(WORK TASK)
Would you please return the lines of the entries below starting at the line that has "MOTHER The Super" and ending at the line that has "Zoestar Sequin Bra", both included, exactly as they are?

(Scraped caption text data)
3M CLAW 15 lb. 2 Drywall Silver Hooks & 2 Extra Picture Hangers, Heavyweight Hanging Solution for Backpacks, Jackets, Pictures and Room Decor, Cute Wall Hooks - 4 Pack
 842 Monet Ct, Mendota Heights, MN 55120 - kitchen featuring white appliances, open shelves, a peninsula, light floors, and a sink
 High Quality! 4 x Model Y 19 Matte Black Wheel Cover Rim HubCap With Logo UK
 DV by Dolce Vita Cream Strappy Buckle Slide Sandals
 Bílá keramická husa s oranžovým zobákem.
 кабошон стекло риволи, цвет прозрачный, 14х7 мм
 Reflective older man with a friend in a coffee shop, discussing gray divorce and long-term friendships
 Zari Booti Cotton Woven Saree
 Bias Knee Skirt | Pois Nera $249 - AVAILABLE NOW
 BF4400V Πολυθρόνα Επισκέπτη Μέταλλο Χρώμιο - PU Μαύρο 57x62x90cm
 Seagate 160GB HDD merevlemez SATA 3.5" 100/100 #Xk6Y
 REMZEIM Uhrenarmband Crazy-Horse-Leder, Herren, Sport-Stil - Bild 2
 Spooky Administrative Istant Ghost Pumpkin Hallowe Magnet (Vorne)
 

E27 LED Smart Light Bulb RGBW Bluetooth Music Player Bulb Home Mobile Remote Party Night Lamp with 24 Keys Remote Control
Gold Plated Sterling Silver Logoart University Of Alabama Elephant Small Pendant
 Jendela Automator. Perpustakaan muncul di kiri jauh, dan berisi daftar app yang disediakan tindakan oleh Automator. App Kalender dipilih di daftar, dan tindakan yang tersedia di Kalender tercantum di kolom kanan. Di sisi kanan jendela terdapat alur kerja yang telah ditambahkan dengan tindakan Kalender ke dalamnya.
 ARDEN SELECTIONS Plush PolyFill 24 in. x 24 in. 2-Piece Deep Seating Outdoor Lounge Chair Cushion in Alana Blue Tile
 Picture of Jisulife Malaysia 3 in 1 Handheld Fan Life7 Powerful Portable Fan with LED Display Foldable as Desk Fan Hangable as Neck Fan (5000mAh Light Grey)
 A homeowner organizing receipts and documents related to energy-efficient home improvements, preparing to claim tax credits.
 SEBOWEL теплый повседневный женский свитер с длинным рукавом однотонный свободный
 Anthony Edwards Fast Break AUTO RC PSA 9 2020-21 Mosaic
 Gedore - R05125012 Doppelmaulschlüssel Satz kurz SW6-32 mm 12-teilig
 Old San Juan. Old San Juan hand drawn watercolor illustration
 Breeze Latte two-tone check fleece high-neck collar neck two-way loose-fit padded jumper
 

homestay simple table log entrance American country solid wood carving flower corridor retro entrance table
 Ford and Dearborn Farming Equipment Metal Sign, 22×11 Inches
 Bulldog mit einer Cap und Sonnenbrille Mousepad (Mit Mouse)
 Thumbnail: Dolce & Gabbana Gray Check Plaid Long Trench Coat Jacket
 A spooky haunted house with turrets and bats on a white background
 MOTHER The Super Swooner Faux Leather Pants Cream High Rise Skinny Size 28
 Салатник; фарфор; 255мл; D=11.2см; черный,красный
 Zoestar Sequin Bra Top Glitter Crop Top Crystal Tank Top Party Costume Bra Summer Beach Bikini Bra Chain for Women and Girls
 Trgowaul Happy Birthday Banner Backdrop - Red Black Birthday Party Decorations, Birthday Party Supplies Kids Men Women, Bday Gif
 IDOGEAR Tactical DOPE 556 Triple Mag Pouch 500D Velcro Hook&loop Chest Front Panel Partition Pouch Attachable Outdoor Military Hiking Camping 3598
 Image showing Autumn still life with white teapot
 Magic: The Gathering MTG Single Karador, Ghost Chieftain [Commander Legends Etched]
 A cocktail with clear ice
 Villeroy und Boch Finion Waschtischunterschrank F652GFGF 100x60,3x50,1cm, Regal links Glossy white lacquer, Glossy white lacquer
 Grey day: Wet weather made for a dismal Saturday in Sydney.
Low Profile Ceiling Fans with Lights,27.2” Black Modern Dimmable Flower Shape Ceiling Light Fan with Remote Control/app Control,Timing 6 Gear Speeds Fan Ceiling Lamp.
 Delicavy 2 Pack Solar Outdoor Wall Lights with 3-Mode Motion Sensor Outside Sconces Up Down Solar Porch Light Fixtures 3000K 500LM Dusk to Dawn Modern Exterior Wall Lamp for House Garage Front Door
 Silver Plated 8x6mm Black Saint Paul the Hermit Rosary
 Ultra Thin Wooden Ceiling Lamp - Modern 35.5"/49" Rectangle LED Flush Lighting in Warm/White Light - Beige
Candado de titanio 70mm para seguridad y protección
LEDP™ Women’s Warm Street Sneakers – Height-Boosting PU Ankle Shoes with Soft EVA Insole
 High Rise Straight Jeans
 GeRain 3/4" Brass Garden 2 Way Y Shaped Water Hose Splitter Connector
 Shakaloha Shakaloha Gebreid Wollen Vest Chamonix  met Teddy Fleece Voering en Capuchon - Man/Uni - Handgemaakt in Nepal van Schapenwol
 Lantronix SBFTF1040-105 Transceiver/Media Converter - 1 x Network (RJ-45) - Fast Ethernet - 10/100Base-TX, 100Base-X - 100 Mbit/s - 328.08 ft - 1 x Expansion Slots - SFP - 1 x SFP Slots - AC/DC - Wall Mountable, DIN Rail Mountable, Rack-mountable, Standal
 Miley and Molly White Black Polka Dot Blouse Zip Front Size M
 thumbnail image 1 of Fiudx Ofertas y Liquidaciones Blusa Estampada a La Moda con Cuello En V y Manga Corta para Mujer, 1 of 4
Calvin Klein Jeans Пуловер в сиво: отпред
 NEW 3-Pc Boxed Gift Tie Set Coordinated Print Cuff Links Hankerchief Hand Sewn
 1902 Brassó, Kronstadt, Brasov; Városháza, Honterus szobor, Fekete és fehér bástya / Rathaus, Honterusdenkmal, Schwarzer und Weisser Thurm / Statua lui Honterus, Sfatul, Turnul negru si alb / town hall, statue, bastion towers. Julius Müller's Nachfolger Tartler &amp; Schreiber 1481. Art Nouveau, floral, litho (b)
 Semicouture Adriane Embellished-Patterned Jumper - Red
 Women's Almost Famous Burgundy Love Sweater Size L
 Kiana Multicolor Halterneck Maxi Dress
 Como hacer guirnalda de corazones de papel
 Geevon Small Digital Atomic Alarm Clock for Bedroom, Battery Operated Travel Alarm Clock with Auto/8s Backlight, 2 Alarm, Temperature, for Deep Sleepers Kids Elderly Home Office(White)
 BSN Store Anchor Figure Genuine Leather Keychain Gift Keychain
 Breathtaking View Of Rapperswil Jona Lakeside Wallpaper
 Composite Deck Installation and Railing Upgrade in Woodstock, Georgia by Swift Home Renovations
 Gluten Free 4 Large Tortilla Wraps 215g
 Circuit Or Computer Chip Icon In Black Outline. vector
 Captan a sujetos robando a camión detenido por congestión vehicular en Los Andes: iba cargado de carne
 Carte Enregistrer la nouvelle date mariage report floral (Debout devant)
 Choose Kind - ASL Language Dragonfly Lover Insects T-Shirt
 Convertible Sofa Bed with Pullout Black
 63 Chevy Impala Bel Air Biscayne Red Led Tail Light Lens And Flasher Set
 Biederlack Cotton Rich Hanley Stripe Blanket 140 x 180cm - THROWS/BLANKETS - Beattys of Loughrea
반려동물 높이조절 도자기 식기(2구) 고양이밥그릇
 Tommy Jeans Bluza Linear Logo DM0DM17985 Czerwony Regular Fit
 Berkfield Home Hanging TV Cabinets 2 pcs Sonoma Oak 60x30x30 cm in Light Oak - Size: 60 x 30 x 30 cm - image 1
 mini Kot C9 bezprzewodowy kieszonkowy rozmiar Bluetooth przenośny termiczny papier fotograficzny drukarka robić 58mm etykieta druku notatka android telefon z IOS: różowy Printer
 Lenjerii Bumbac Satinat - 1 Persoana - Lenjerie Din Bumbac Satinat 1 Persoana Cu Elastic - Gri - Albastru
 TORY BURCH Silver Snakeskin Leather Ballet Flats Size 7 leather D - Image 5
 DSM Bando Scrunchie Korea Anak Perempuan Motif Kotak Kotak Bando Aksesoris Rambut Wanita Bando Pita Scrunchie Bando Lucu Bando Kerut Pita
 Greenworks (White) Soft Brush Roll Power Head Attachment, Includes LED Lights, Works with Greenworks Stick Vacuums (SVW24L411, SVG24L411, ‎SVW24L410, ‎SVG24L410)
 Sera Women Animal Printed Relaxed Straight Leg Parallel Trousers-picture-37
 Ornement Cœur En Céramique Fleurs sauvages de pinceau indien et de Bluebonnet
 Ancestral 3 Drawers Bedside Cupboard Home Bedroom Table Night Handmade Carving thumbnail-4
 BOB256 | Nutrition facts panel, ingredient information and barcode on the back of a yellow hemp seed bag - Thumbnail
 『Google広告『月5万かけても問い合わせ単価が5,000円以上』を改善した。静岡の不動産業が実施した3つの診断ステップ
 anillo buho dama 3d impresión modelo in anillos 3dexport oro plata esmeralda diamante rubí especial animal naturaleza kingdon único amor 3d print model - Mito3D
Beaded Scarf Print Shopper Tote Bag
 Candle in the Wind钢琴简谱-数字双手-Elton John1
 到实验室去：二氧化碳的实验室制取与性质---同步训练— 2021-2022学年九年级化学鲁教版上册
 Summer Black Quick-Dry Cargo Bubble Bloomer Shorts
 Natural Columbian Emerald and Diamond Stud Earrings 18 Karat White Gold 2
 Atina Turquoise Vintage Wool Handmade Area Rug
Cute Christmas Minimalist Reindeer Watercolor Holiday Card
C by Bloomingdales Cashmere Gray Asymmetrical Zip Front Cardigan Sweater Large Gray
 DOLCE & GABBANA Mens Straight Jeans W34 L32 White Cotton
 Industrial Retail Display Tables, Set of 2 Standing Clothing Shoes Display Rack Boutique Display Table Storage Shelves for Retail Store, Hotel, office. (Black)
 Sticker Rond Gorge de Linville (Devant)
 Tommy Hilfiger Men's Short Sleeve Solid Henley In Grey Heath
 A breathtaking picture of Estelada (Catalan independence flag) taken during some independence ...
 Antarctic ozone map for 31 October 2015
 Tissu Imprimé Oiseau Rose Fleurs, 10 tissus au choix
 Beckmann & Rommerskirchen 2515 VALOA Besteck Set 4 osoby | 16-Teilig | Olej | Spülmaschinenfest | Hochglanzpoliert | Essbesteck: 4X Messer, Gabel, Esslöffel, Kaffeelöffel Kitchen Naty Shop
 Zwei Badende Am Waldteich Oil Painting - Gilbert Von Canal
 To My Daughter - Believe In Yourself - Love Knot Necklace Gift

(EXERCISE RESULT)
 MOTHER The Super Swooner Faux Leather Pants Cream High Rise Skinny Size 28
 Салатник; фарфор; 255мл; D=11.2см; черный,красный
 Zoestar Sequin Bra Top Glitter Crop Top Crystal Tank Top Party Costume Bra Summer Beach Bikini Bra Chain for Women and Girls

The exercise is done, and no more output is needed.